Toxoplasmosis is an opportunistic infection among individuals with immune compromise, and occurs due to newly acquired acute infection or reactivation of chronic infection, causing potentially fatal encephalitis, as well as chorioretinitis or pneumonitis.28 According to our economic analysis, HIV-associated toxoplasmosis accounts for the majority (53%) of the total toxoplasmosis-related health-care costs, with both the highest incidence of hospitalization cases and the highest treatment cost per case. We could not dissociate treatment costs for HIV from that of toxoplasmosis, which may have resulted in an overestimation of the relative impact of HIV-associated toxoplasmosis. Regardless, this work demonstrates the public health and economic importance of targeting prevention programs to groups with immune compromised and to groups at highest risk of exposure. Serological testing for T. gondii is recommended for all people living with HIV.29 As well, prophylactic antibiotic treatment to prevent toxoplasmosis is recommended for severely immunocompromised patients with serological evidence of exposure and for all HIV patients with a previous diagnosis of toxoplasmosis.29

Direct contact with domestic cat stool is often cited as the primary source of toxoplasmosis, although unsporulated oocysts in fresh cat feces are not immediately infective for people.
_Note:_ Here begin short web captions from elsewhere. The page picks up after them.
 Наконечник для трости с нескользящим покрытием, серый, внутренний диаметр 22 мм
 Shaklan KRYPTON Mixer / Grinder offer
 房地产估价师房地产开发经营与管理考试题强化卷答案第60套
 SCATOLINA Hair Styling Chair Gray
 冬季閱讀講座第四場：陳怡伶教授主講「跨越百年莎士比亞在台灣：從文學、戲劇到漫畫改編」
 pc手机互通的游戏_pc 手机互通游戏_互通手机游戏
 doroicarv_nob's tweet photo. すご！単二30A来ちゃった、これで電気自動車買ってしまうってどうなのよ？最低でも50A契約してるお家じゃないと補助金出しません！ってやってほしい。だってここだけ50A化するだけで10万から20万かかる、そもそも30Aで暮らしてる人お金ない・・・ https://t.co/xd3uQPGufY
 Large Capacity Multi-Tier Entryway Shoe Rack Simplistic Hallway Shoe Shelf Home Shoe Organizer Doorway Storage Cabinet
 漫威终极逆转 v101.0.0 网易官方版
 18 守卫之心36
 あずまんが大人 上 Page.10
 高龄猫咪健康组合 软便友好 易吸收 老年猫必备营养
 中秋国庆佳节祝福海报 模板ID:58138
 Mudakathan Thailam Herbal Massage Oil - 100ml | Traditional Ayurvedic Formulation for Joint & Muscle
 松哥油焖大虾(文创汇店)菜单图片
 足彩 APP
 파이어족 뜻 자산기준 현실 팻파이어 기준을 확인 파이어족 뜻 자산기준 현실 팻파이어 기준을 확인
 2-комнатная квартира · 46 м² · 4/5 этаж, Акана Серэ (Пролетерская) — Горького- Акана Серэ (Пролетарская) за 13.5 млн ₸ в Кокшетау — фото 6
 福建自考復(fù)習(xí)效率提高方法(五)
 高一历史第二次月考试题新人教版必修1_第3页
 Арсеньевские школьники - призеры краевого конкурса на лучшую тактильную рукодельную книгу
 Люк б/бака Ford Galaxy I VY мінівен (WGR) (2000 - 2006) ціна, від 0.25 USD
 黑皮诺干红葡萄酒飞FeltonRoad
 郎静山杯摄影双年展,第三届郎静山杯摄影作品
However, water- and food-borne routes (e.g., consuming undercooked meat containing tissue cysts or fresh produce contaminated with oocysts) are more common sources of human infection in Canada and abroad.5,9,17,24,30 Our cost estimates for toxoplasmosis appear low compared with those of other pathogens because we only measured direct health-care costs and did not measure indirect medical costs (e.g., travel to medical clinic) and nonmedical costs (e.g., loss of productivity for both patients and caretakers). We could not estimate the total economic burden of toxoplasmosis in Canada. This was largely due to a lack of data on the incidence of toxoplasmosis sequelae and the long-term effects of the disease in Canada. Also, our analysis did not include medical costs from toxoplasmosis-related miscarriages or the costs of pharmaceuticals outside the inpatient setting. Other models integrating both direct and indirect costs, as well as adjusting for underreporting, identify toxoplasmosis as having one of the highest burdens of disease compared with other food-borne pathogens.31,32 In the United States, extrapolation from serological data suggested that food-borne toxoplasmosis (assumed to be 50% of total cases of toxoplasmosis) costs approximately US$12,145–72,669 per case, with a total economic burden of US$1,019–6,606 million annually.31 Most estimates of toxoplasmosis costs demonstrate a wide degree of uncertainty, especially for adult-acquired and mild cases, which are most likely to be underreported and underdiagnosed. Improved knowledge of the proportion of symptomatic cases both seeking and not seeking medical attention, could produce more accurate estimates of the economic burden of disease and risk factors for infection in Canada.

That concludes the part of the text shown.